In the business world, for at least as long as I can remember (hint: back then, human tweets were reserved for the Three Stooges), it’s been popular to compare the world of commerce (i.e., fast money, bone-crushing egos, game-changing deals, cocky winners and bloodied losers) to the world of sports. Football is a favorite.  And why not? The relatively rapid spread of stock ownership in America since the 1980s (largely through participation in defined contribution retirement plans, which rely heavily on stock mutual funds) has required that these same investors entrust their nest eggs with presumed experts. And we’ve all seen what that can lead to.

Creating analogies to explain complex, sometimes paradoxical, often volatile and stubbornly unpredictable financial markets is how most of us non-experts make sense of these things. It’s what enables a financial pundit to compare a collateralized debt obligation to making nine small omelets from three eggs.

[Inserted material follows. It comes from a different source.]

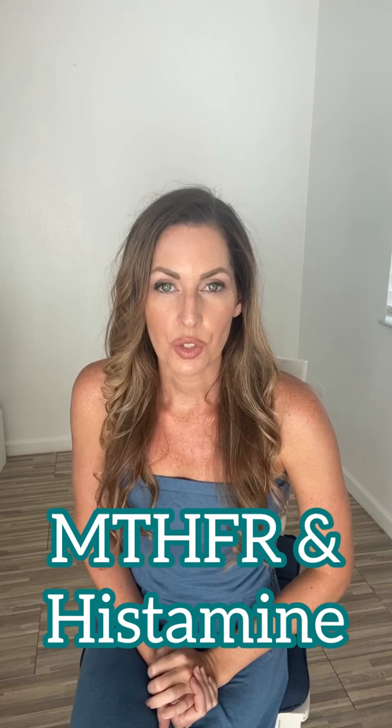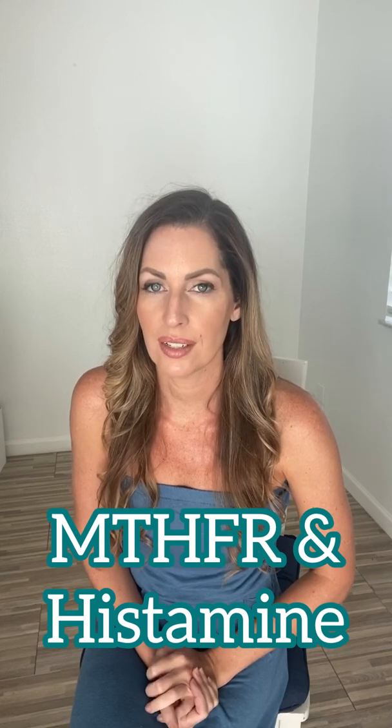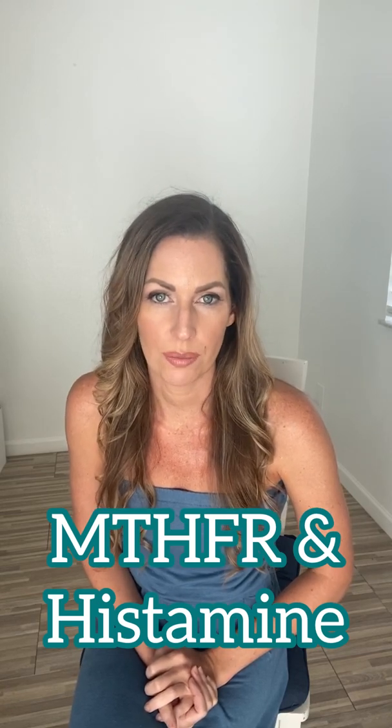Hey everyone. I'm going to talk to you today about methylation, the MTHFR gene mutation, and histamine intolerance. We all have genes, we all have mutations in some of those genes, and with histamine intolerance, one of the most common mutations I see is the MTHFR gene mutation.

If one of the eggs is bad, three customers are in for a long day and night, and so on.  Problems with analogies (sports or otherwise) crop up because analogy isn't just a form of speech. It’s often employed as a logical argument. In other words, if some things are alike in some ways, they can appear to be alike in other ways as well. It’s when something important to us stops being like anything else, that we tend to run out of analogies, and similes, and metaphors, and eventually our composure.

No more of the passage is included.